With B2B marketing and advertising spend reaching $161 billion — and digital accounting for over half — B2B CMOs and CIOs need to dramatically change their data management approach to avoid drowning in irrelevant data and legacy systems that were designed for an entirely different practice. This is only possible by reorganizing their data infrastructure around B2B’s unique go-to-market needs and working with partners that support these new standards.
First things first: Extend company attributes
Basic audience targeting is too broad and is just not an effective mechanism for B2B marketers. B2C marketers now have a seemingly endless pool of data to define target audiences across devices, from historical purchases and behavioral data to location-based visitor arrivals. But ask any B2B marketer, and their targeting parameters look awfully similar to ones found in playbooks from several years ago: industry, company size (employees), revenue (if public) and office headquarters’ locations.
B2B CMOs need to significantly expand the company attributes they track — ones that provide signals that are uniquely relevant to the products and services they sell — and allow sales and marketing teams to communicate more tailored messages by account.
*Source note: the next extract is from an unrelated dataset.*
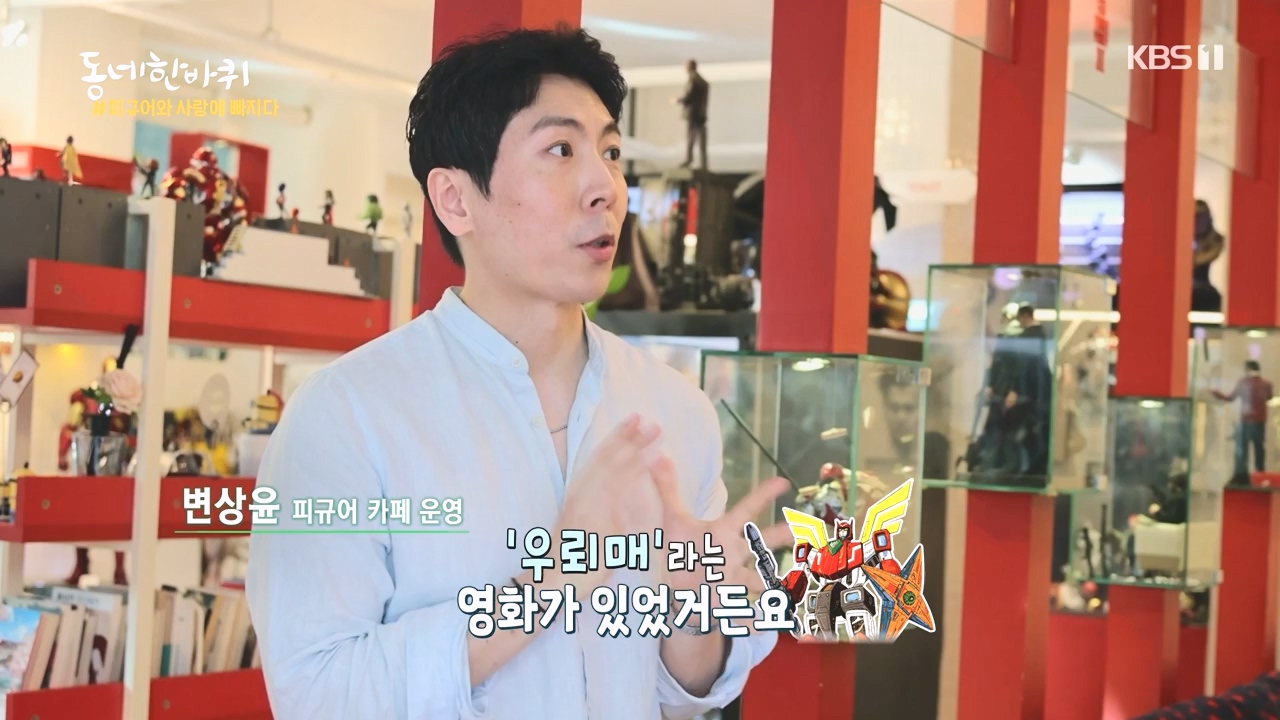 동네 한 바퀴.E273.240512p-NEXT.mp4_20240512_170025.571.jpg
These can range anywhere from, “What other software is installed?” and “Which types of solutions are they researching?” to “How much do they currently spend on R&D?”
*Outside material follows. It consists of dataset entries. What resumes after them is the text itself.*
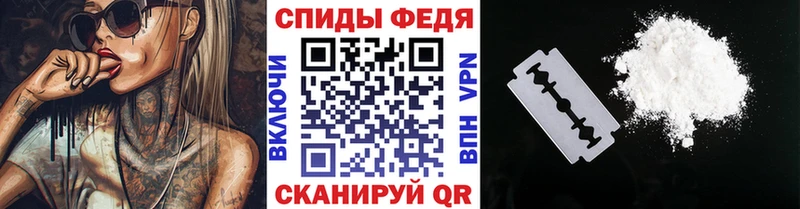 Первитин пудра  купить наркотик  Петропавловск-Камчатский 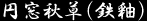 NAGARAYAMA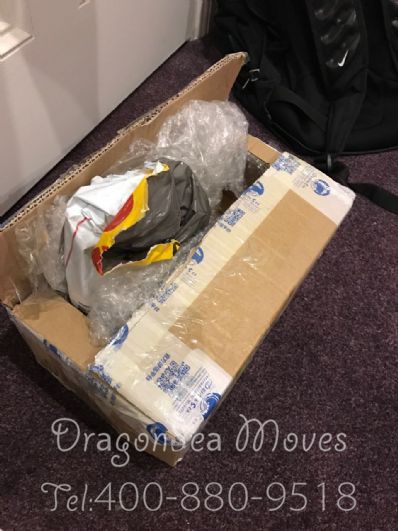 从南京市托运到英国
Once the extended attributes are strategically identified, CMOs must persistently incorporate these new signals throughout their internal systems to keep alignment across teams. These new signals require organizational commitment to adopt new procedures that utilize and act on the signals to improve their marketing effectiveness.
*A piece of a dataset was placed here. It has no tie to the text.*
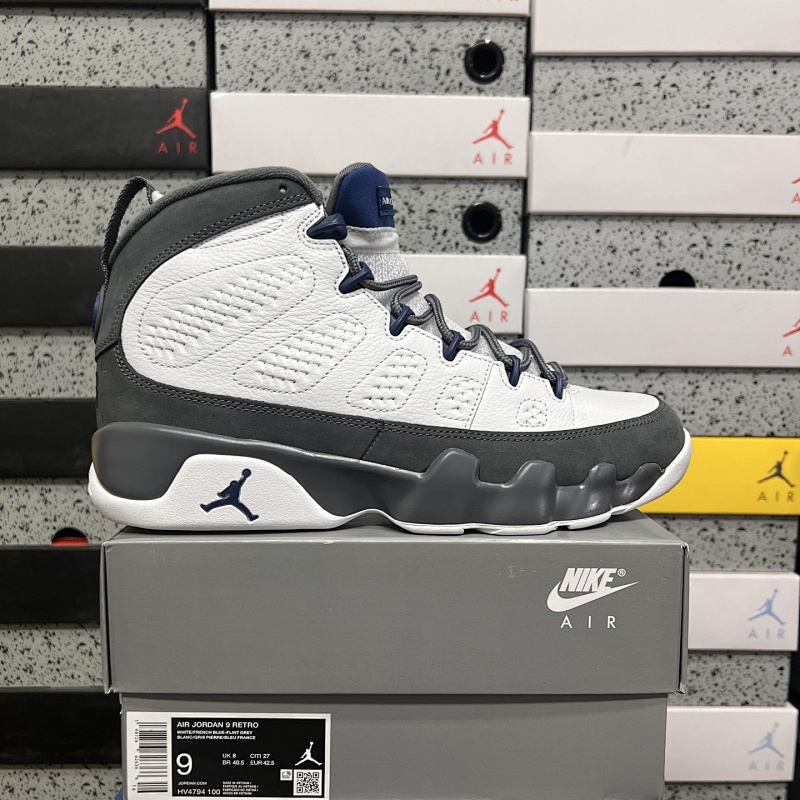 【东莞/DG2.0版本】Air Jordan AJ9 HV4794-100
Build out a rich company-user ontology
Once more granular and vivid company-based information becomes ingrained throughout the marketing and sales organizations, it behooves CMOs and their CIOs to further build out a rich ontology. With the exponential growth of data (which also includes more user-generated content than ever before), creating taxonomies to classify and categorize the data is absolutely critical to making these massive unstructured data assets actionable at scale. But the sheer volume and the denormalized nature of this data make it very complex to classify it correctly.
At best, traditional DMPs, integrated with other existing targeting solutions, might allow a B2B marketer at an enterprise software company to target individuals with “CTO” in their title, at companies of a specific employee or revenue size, and located in certain DMAs or cities. The problem with this approach is that CTOs may not always represent the right stakeholder to engage on an account-by-account basis. Maybe the account is not actively looking for your solutions, which means your standard messaging may not be as effective with that account. In other words, the appropriate audiences at prospective accounts can differ starkly, based on sizes of the accounts, an account’s existing needs and more.
By creating a more robust ontology, B2B marketers can use these extended attributes to better inform and influence their list of target accounts, which people to actually target at those accounts and what messaging may be more effective in engaging those accounts.
Find the right long-term partner
This expanded B2B data management framework ultimately enables B2B marketers to build and execute more relevant, seamless messages against key influencers across the organization on an account-by-account basis.
But CMOs and CIOs alone lack the capacity — in budget, time and resources — to design and implement this massive and essential modernization of its data infrastructure. It is important to identify strategic partners that not only can provide access to technology and data but can also help them determine how to modernize their practices to act on that data.
As such, it’s incumbent upon executives charged with this initiative to ask partners probing questions to gauge alignment with long-term business goals and viability. These questions should include understanding how they are using technology to create and automate the development of their ontologies to make the scale of their data more actionable.
In an increasingly demanding environment for personalized B2B messages — delivered through the right channels at the right time — B2B marketers must raise their standards on data management. By upending traditional models, implementing a rich B2B-focused data structure and collaborating with partners that allow new principles to flourish, there’s no stopping what B2B marketers can accomplish.